Sin embargo, casi todo de esta inmensa
escombrera era reutilizable y lo que no lo era, hoy constituye el famoso Monte
Scherbelino – así se llama esa media montaña al sur de la ciudad, donde se
encuentran los restos de arquitectura e historia, cubiertos de hierba y
arbustos.
Antes de eso, nosotros fuimos con carreta
prestada para traer ladrillos y otros elementos utilizables. Pues mi padre con
mi abuelo construyeron un establo para animales: gallinas, conejos, cabras y
cerdos. Nuestra casa pronto se parecía a una pequeña granja medieval. Todo se
hacía a mano, todo encontraba nuevo uso, nada se tiró. Temporalmente vivimos
como se vivía aquí durante siglos atrás.
La demanda por fragmentos de aluminio, cobre o
plomo era grande y la única fuente de ello fueron los restos de aviones caídos o vehículos quemados. Los niños fuimos
expertos en hallar estos restos reutilizables. Era eso nuestro botín de guerra.

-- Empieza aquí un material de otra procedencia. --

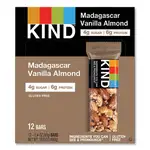 Nuts and Spices Bar, Madagascar Vanilla Almond, 1.4 oz, 12/Box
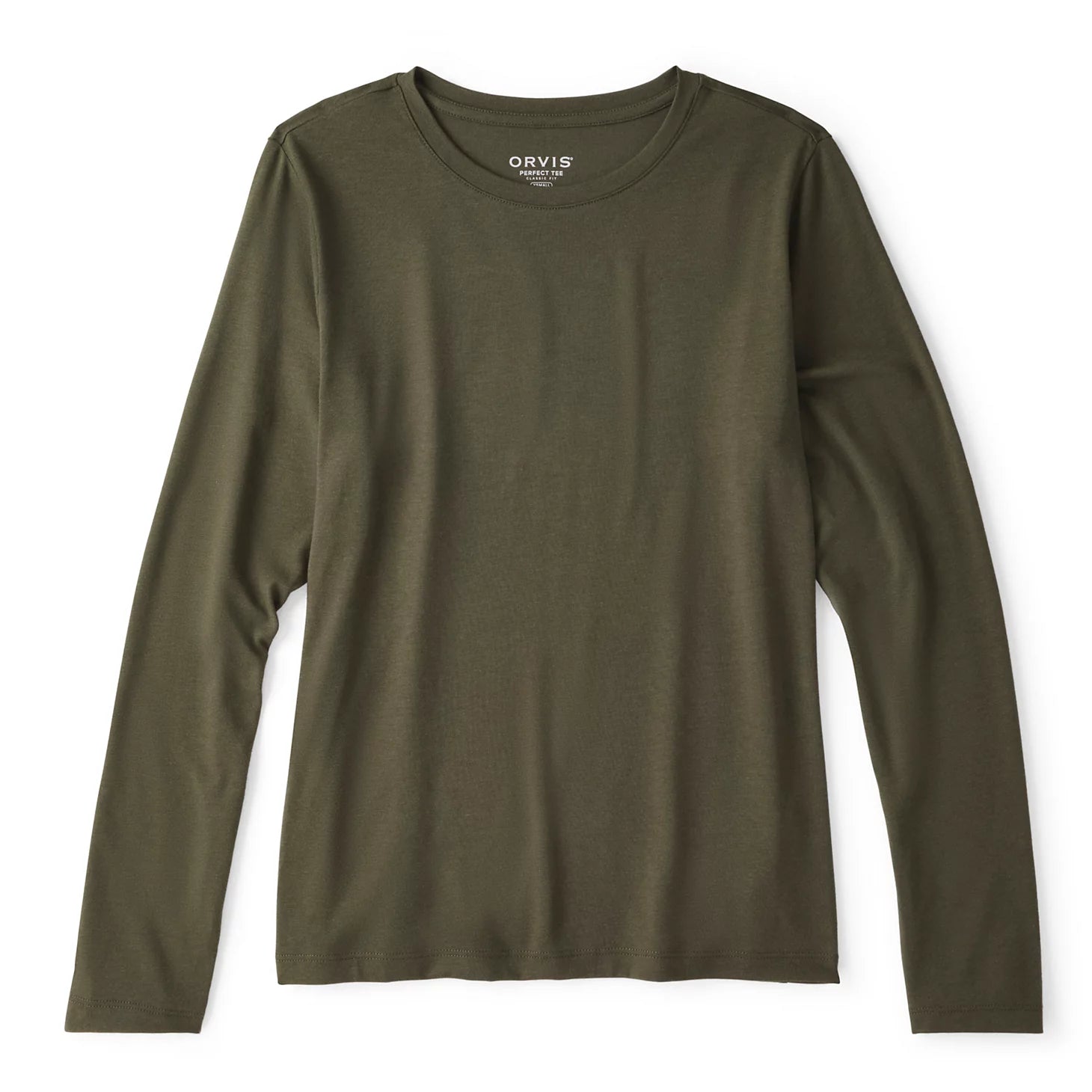 Perfect Long-Sleeve Crew / Orvis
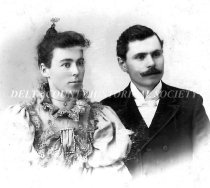 Hattie Van Dyke and John Hewlett wedding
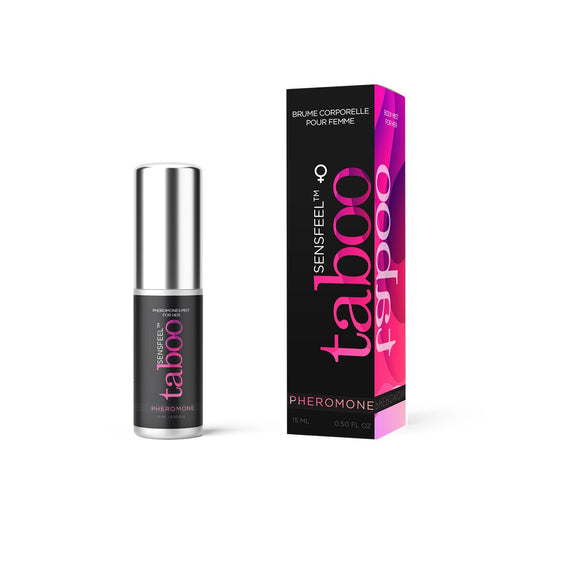 Lubrificante intimo Ruf 15 ml con erogatore per facile applicazione e stimolazione sensuale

Se podían haber sacado imágenes para una película sobre el fin de los tiempos.
Vagabundeo buscando alguna cosa útil era la normalidad.
Mientras los vencedores comenzaron a desmontar
parte esencial de la industria local para llevarse la máquinaria utilizable
para reparar daños en los países invadidos por Alemania, aquí nacieron pequeñas
empresas y numerosos talleres, creando una infinidad de iniciativas, donde de
cascos militares se fabricaron ollas, de uniformes se hacían prendas de vestir,
de variados materiales surgieron nuevos zapatos, viejos motores otra vez se
ponían en marcha.
Para mí, muchacho en fase de crecimiento, lo de
los zapatos era un problema. Durante años sólo había poseído un par de ellos,
los puestos. Pero, suerte la mía: un
familiar, prisionero de guerra durante la campaña en África, miembro del cuerpo de expedición
bajo el mando del general Rommel, volvió desde Florida – hasta allá le habían
transportado. Este hombre venía vestido con un uniforme americano pintado en
negro. Todas las piezas llevaban una pintada en letras blancas PW – Prisoner of
War – prisionero de guerra. Con pocos cambios todo me estaba a mí bien, de los
zapatos a las camisas y la cazadora. Mi abuela hizo lo posible para quitar la
pintura blanca. Sin embargo el PW siguió allí, bien visible, y yo lo llevé
inscrito en mi espalda durante varios años: Ironía del destino mío, siendo PW
durante años de mi juventud.
Y en el Gymnasium, yo vestía de prisionero
americano, mientras el profesor de
alemán aun llevaba parte de su uniforme militar, remodelado con discreción. Ambos
reciclados, digamos.
Así comenzó - en mi caso - la nueva democracia
alemana, una democracia reciclada con argumentos prestados.